The problem reproduces both on our Linux (Debian) servers and on my Windows machine, and with both Java 1.6 and 1.7, so it appears to depend solely on Jetty.

Does anyone have any idea what could be causing this, and if there's something I can do about it?

Answer

Sven picture Sven · Jan 31, 2012

I believe I have found the answer myself, by looking through the Jetty source code. It's actually a complex interplay of the response buffer size, the size of the buffer passed to outStream.write, and whether or not outStream.flush is called (in some situations). The issue is with the way Jetty uses its internal response buffer, and how the data you write to the output is copied to that buffer, and when and how that buffer is flushed.

If the size of the buffer used with outStream.write is equal to the response buffer (I think a multiple also works), or less and outStream.flush is used, then performance is fine. Each write call is then flushed straight to the output, which is fine. However, when the write buffer is larger and not a multiple of the response buffer, this seems to cause some weirdness in how the flushes are handled, causing extra flushes, leading to bad performance.

In the case of chunked transfer encoding, there's an extra kink in the cable. For all but the first chunk, Jetty reserves 12 bytes of the response buffer to contain the chunk size. This means that in my original example with a 64KB write and response buffer, the actual amount of data that fit in the response buffer was only 65524 bytes, so again, parts of the write buffer were spilling into multiple flushes. Looking at a captured network trace of this scenario, I see that the first chunk is 64KB, but all subsequent chunks are 65524 bytes. In this case, outStream.flush makes no difference.

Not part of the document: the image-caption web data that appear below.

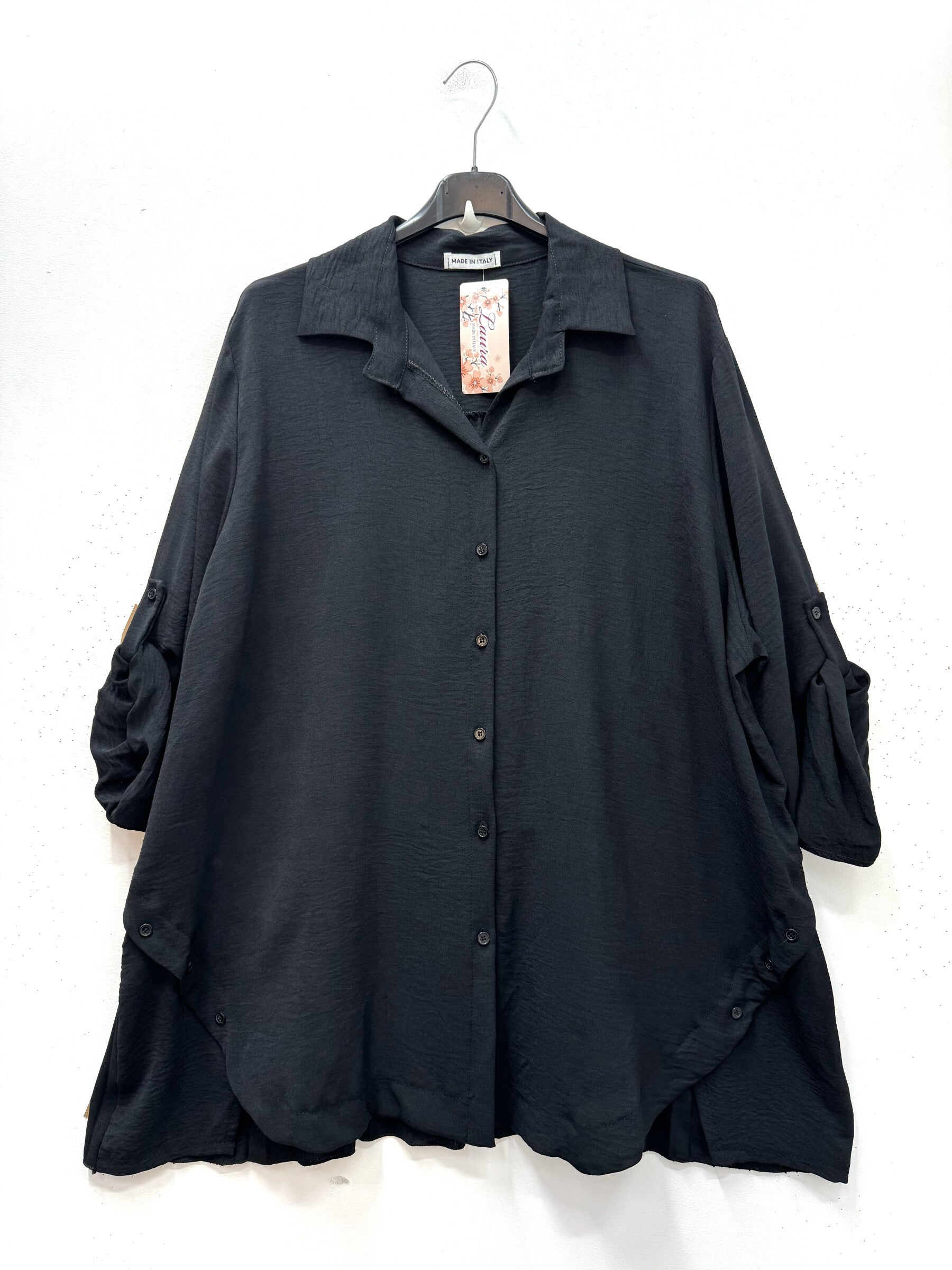 Flowy shirt with pleated back i Plus Size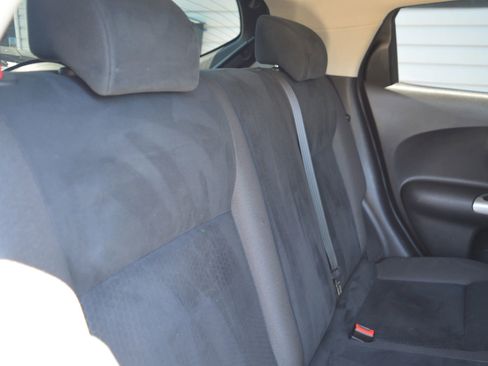 Used 2014 Nissan Juke SV AWD/4WD image 21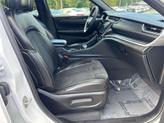 Thumbnail of 2024 Bright White Clearcoat Jeep Grand Cherokee L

When using a 4KB buffer I was seeing fast speeds only when outStream.flush was called. It turns out that resp.setBufferSize will only increase the buffer size, and since the default size is 24KB, resp.setBufferSize(4096) is a no-op. However, I was now writing 4KB pieces of data, which fit in the 24KB buffer even with the reserved 12 bytes, and are then flushed as a 4KB chunk by the outStream.flush call. However, when the call to flush is removed, it will let the buffer fill up, again with 12 bytes spilling into the next chunk because 24 is a multiple of 4.

In conclusion

It seems that to get good performance with Jetty, you must either:

  • When calling setContentLength (no chunked transfer encoding) and use a buffer for write that's the same size as the response buffer size.
  • When using chunked transfer encoding, use a write buffer that's at least 12 bytes smaller than the response buffer size, and call flush after each write.

Note that the performance of the "slow" scenario is still such that you'll likely only see the difference on the local host or very fast (1Gbps or more) network connection.

I guess I should file issue reports against Hadoop and/or Jetty for this.